- _What you will do_:
Set each entry down verbatim, omitting images.

Segment Start: Material provided

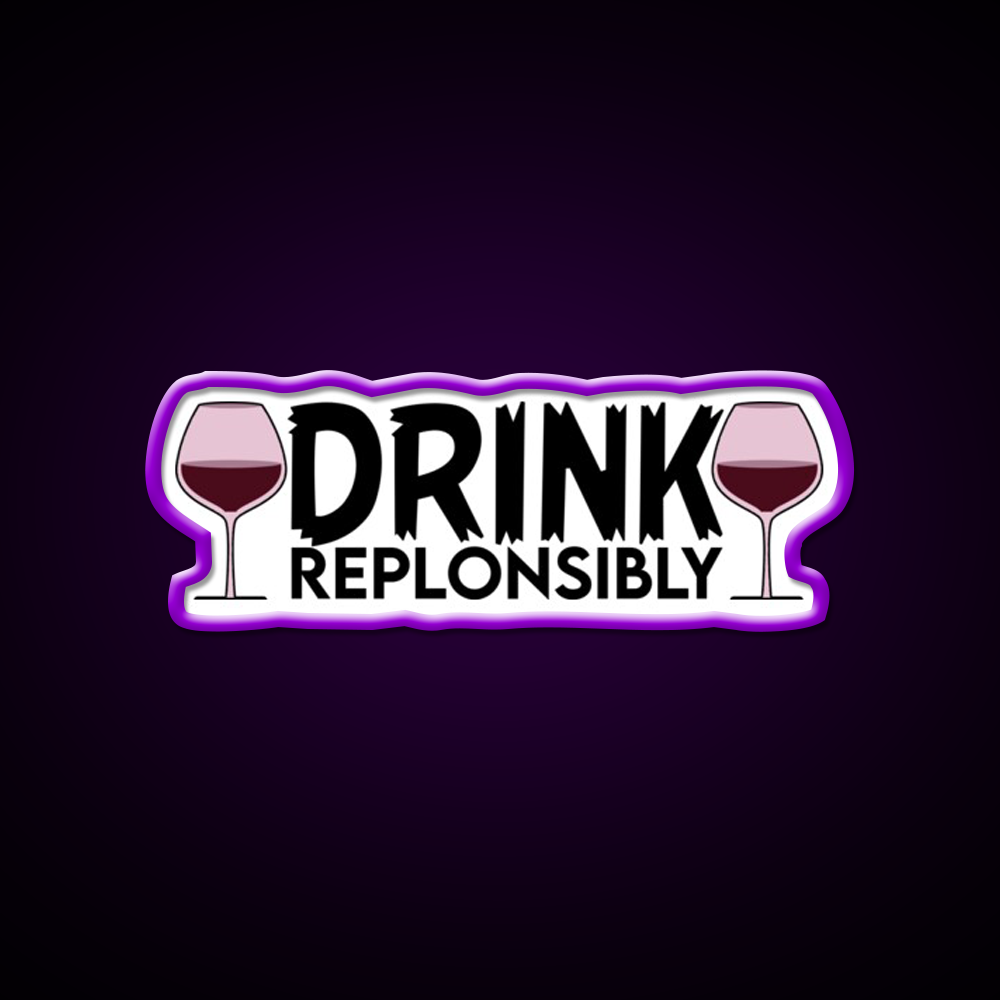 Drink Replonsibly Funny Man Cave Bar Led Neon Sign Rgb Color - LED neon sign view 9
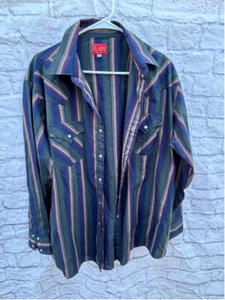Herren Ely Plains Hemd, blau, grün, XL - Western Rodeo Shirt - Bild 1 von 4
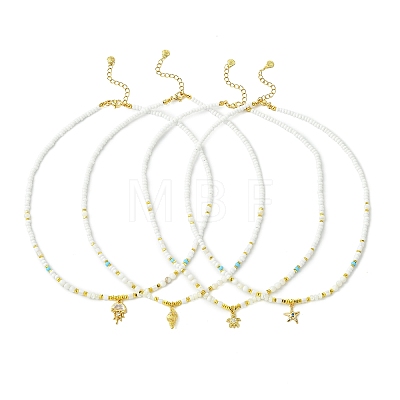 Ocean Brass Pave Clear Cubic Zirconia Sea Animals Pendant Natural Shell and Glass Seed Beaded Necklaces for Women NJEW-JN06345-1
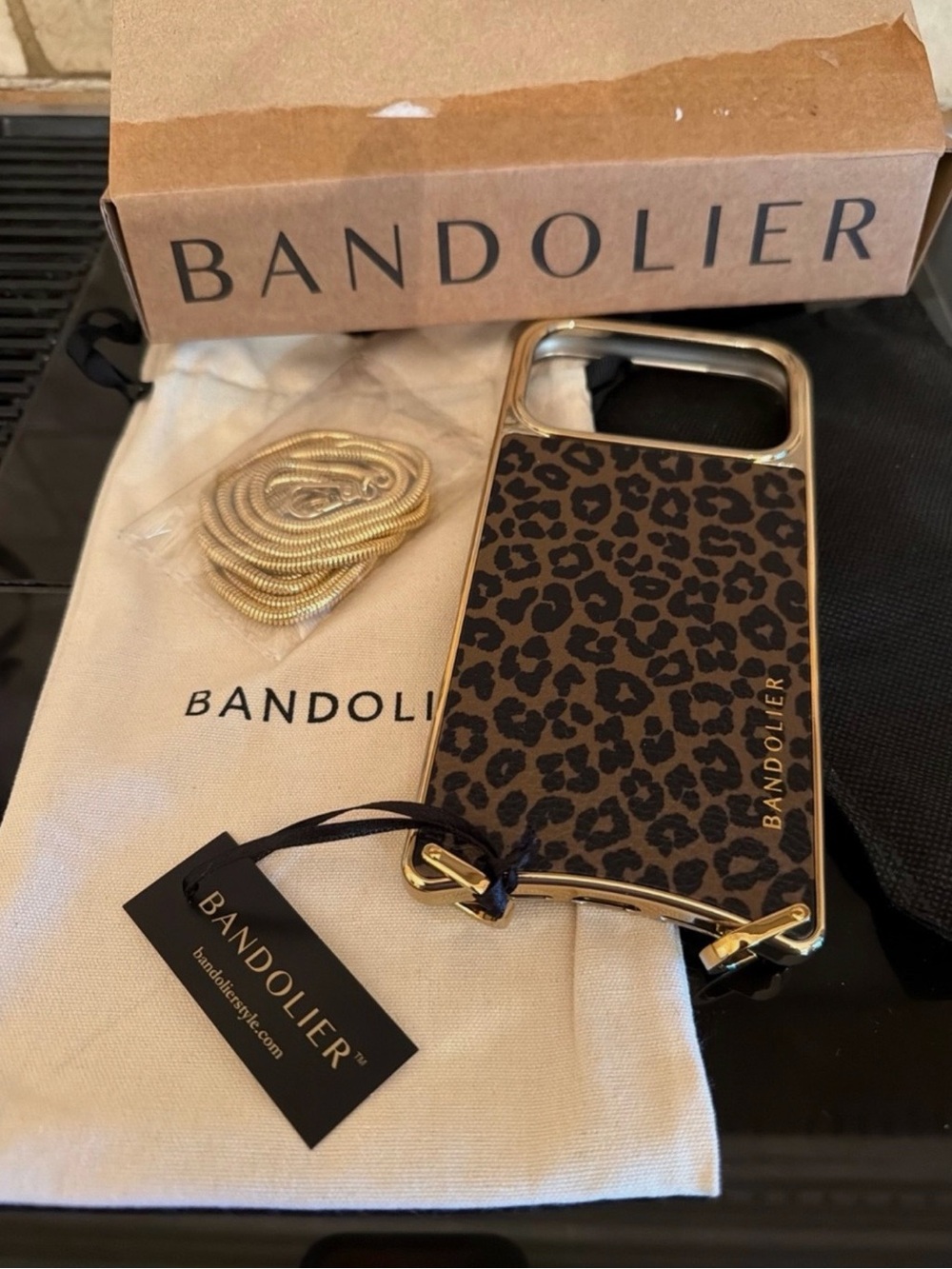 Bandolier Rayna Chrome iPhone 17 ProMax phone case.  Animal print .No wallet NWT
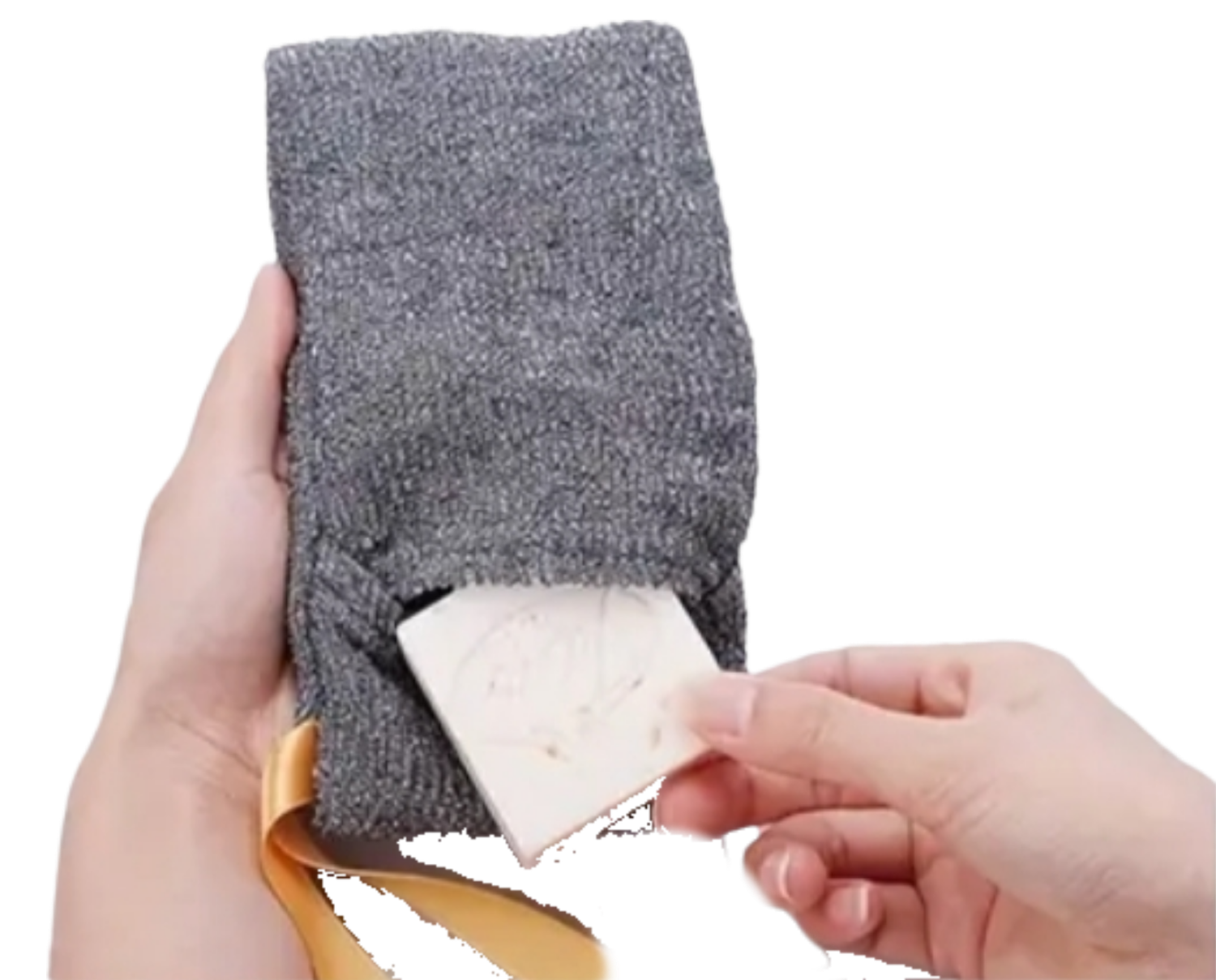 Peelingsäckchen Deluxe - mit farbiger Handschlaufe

Segment End: Material provided

- _Task output_:
 Drink Replonsibly Funny Man Cave Bar Led Neon Sign Rgb Color - LED neon sign view 9
Herren Ely Plains Hemd, blau, grün, XL - Western Rodeo Shirt - Bild 1 von 4
 Ocean Brass Pave Clear Cubic Zirconia Sea Animals Pendant Natural Shell and Glass Seed Beaded Necklaces for Women NJEW-JN06345-1
 Bandolier Rayna Chrome iPhone 17 ProMax phone case.  Animal print .No wallet NWT
 Peelingsäckchen Deluxe - mit farbiger Handschlaufe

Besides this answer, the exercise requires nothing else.